İzmir’den İstanbul’a gelen üzüm ve sabun gibi malları sebzehaneye koymadan kendi mahzenlerine koydurmaya çalışanların engellenmesi
Akzâ kuzâti’l-Müslimîn evlâ vülâti’l-muvahhidîn ma‘deni’l-fazl ve’l-yakīn râfi‘û a‘lâmü’ş-şerî‘ati ve’d-dîn <> vârisü ulûmi’l-enbiyâi ve’l-mürselîn el-muhtas bi-mezîd-i inâyeti’l-meliki’l-Mu‘în mevlânâ İstanbul kādısı -zîdet fezâiluhû- tevkī‘-i refî‘-i hümâyûn vâsıl olıcak ma‘lûm ola ki, İzmir tüccârının İzmir’den alıp İstanbul’a getire geldikleri üzüm ve sabun ve sâir emti‘a-i mümteni‘aları Yemiş iskelesine gelip dâhil oldukda içlerinden mehâzin ve dekâkîni olmayan gurebâ tüccâr fürûht edince mukāta‘alarını iskele-i mezbûrede Sebzehâne-i âmireye icâre ile vaz‘ ve senede hâsıl olan icârâyasına [îcâriyesine] tamamında Sebzehâne-i âmire mahsûlü ile rikāb-ı hümâyûnuma teslîm olunagelip âhardan müdâhale olunagelmiş değil iken iskele-i mezbûrede vâki‘ mehâzin ashâbından el-Hâcı Abdullah nâm kimesne ile bazıları îcârâtdan mîrîye âid olagelen îcârâtı kendileri ekl ve bel‘ için ol makūle mahzen ve dekâkîni olmayan gurebâ tüccârın emti‘aları mîrî Sebzehâne’ye konulmayup bizim mahzenlerimize vaz‘ olunsun deyü kadîme mugāyir te‘addîye tasaddî ve mîrîye gadr sevdâsında olmaları fîmâ-ba‘d mezbûrlar ki ol vechile kadîme mugāyir olan te‘addîleri men‘-i tekîd ile men‘ ve def‘ ve kadîmîsi üzere gurebâ tüccârın emti‘aları Sebzehâne-i âmireye vaz‘ ve bundan sonra dahi müdâhale ve te‘addî sadedinde olurlar ise muhkem haklarından gelmek üzere ale’d-devâm mürâ‘at olunup hilâfına bir vechile vaz‘ u hareket olunmamak için sâbıkā hâssa Bostancıbaşı İbrahim -dâme mecdühû- arzı mûcebince vech-i meşrûh üzere amel ve hilâfından gāyetü’l-gāye ittikā ve mücânebetde olunmak bâbında ammim Sultan Ahmed Hân zamânında emr-i şerîf verildiğin bildirip mûcebince tecdîdin ricâ etmeğin hilâfına emr-i âhar sâdır olmuş değil ise vech-i meşrûh üzere amel olunmak emrin olmuşdur.
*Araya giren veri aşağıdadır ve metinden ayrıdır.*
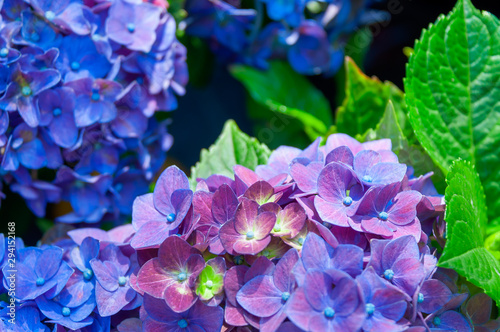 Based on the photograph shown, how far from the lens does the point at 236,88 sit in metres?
1.11

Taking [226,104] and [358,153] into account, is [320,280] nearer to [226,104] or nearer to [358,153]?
[358,153]

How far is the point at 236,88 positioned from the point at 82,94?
0.51m

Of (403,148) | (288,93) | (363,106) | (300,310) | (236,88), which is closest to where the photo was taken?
(300,310)

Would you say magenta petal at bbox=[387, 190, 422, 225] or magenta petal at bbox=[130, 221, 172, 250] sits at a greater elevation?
magenta petal at bbox=[387, 190, 422, 225]

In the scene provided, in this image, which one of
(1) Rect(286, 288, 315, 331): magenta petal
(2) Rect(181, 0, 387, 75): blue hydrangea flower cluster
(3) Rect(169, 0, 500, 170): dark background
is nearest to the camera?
(1) Rect(286, 288, 315, 331): magenta petal

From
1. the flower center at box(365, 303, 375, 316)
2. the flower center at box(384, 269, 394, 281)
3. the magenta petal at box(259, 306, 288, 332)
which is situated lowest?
the magenta petal at box(259, 306, 288, 332)

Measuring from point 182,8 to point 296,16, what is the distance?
0.64 feet

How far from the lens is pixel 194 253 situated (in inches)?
17.8

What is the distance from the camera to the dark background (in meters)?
1.02

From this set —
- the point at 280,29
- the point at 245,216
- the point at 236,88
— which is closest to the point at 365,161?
the point at 245,216

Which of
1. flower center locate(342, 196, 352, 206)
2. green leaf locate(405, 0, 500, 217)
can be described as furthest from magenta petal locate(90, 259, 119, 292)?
green leaf locate(405, 0, 500, 217)

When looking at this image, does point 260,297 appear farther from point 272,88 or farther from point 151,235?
point 272,88

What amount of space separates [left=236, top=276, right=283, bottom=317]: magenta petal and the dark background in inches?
23.8

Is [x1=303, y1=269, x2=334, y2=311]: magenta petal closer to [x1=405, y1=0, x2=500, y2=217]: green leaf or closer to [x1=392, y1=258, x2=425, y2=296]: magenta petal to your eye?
[x1=392, y1=258, x2=425, y2=296]: magenta petal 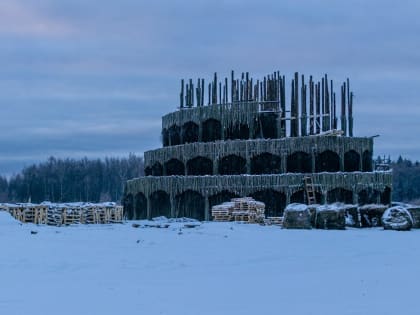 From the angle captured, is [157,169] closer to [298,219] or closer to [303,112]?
[303,112]

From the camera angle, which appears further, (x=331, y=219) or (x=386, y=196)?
(x=386, y=196)

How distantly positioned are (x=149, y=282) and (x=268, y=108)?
4010 centimetres

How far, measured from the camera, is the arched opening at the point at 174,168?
54.3 meters

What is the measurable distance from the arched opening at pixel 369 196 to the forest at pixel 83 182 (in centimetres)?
4948

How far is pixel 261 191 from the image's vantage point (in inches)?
1905

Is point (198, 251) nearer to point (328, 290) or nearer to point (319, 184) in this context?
point (328, 290)

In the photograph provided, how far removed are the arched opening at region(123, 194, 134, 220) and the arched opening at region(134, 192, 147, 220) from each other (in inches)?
40.9

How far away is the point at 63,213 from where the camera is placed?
37844mm

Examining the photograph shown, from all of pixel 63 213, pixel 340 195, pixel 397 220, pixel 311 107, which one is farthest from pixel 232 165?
pixel 397 220

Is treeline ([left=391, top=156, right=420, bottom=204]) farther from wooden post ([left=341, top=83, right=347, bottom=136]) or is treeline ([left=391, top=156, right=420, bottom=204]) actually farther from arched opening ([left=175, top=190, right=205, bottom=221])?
arched opening ([left=175, top=190, right=205, bottom=221])

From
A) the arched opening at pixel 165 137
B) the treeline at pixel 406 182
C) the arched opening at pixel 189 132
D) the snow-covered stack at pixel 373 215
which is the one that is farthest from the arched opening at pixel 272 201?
the treeline at pixel 406 182

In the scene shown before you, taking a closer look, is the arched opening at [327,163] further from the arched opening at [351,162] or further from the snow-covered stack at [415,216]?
the snow-covered stack at [415,216]

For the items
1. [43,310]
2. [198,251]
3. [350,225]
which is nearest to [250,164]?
[350,225]

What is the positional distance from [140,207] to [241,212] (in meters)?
15.7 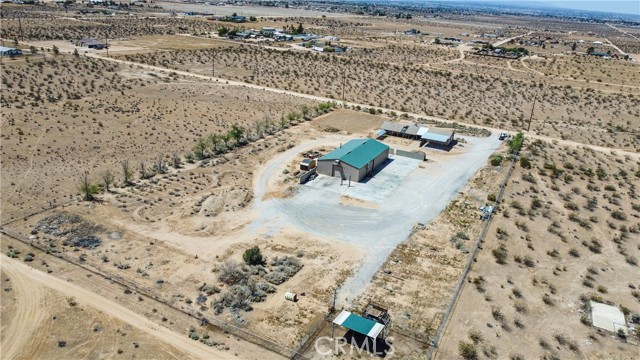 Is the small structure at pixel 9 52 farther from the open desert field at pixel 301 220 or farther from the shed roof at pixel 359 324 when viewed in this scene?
the shed roof at pixel 359 324

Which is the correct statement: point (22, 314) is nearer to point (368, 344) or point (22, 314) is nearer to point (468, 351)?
point (368, 344)

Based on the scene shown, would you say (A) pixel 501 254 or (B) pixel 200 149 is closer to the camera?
(A) pixel 501 254

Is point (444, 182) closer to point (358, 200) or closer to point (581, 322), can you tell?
point (358, 200)

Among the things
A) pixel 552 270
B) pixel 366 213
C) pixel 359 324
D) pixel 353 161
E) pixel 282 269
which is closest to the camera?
pixel 359 324

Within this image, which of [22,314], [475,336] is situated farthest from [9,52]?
[475,336]

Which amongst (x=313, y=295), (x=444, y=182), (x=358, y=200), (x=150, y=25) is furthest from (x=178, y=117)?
(x=150, y=25) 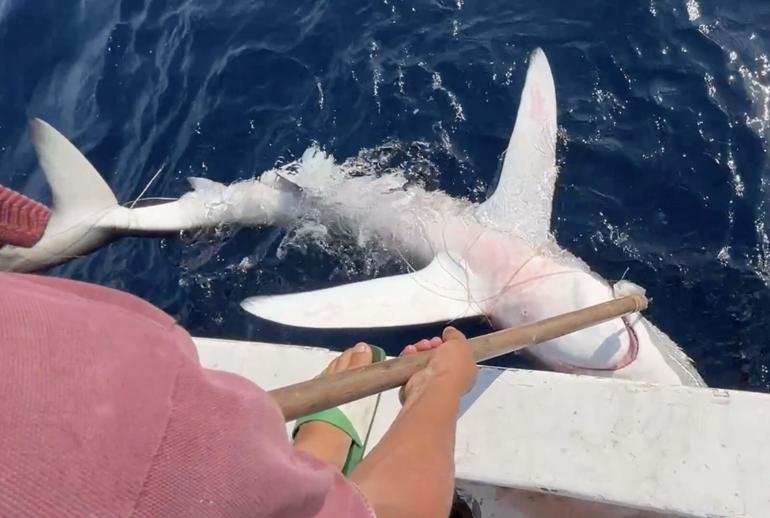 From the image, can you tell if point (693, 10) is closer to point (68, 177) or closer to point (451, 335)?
point (451, 335)

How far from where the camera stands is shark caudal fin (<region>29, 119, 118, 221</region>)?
441cm

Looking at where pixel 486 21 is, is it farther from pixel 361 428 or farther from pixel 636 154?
pixel 361 428

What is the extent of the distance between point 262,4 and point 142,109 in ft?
4.68

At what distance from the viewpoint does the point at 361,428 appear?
8.10ft

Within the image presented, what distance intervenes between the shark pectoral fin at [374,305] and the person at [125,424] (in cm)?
251

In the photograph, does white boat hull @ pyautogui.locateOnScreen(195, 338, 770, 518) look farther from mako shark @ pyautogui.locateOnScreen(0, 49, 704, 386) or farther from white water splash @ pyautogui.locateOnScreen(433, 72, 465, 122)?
white water splash @ pyautogui.locateOnScreen(433, 72, 465, 122)

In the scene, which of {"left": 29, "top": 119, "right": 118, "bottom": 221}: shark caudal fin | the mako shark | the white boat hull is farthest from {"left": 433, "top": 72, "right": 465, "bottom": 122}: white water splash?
the white boat hull

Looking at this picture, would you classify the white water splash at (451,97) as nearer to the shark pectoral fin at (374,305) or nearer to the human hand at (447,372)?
the shark pectoral fin at (374,305)

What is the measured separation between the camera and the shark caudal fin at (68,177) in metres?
4.41

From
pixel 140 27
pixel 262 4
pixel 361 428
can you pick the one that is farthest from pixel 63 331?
pixel 140 27

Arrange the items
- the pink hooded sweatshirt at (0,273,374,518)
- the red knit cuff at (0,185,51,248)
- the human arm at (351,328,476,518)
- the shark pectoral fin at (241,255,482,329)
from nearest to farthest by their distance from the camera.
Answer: the pink hooded sweatshirt at (0,273,374,518), the red knit cuff at (0,185,51,248), the human arm at (351,328,476,518), the shark pectoral fin at (241,255,482,329)

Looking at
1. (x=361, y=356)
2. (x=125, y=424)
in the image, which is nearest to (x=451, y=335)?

Buyurdum ki emr-i şerîfim vusûl buldukda bu bâbda sâdır olan fermân-ı celîlü’l-kadrim mûcebince amel edip dahi vech-i meşrûh üzere fîmâ-ba‘d mezbûrların ol vechile kadîme mugāyir olan te‘addîleri men‘-i tekîd ile men‘ ve def‘ ve kadîmîsi üzere gurebâ tüccârın emti‘aları Sebzehâne-i âmireye vaz‘ ve bundan sonra dahi müdâhale ve te‘addî sadedinde olurlar ise muhkem haklarından gelinmek üzere ale’d-devâm mürâ‘at olunup hilâfına bir vechile vaz‘ [u] hareket olunmayıp mazmûn-ı emr-i şerîfimle âmil olasın.
Fî-evâili şehri Şa‘bâni’l-mu‘azzam li-sene selâse ve erba‘în ve mi’e ve elf.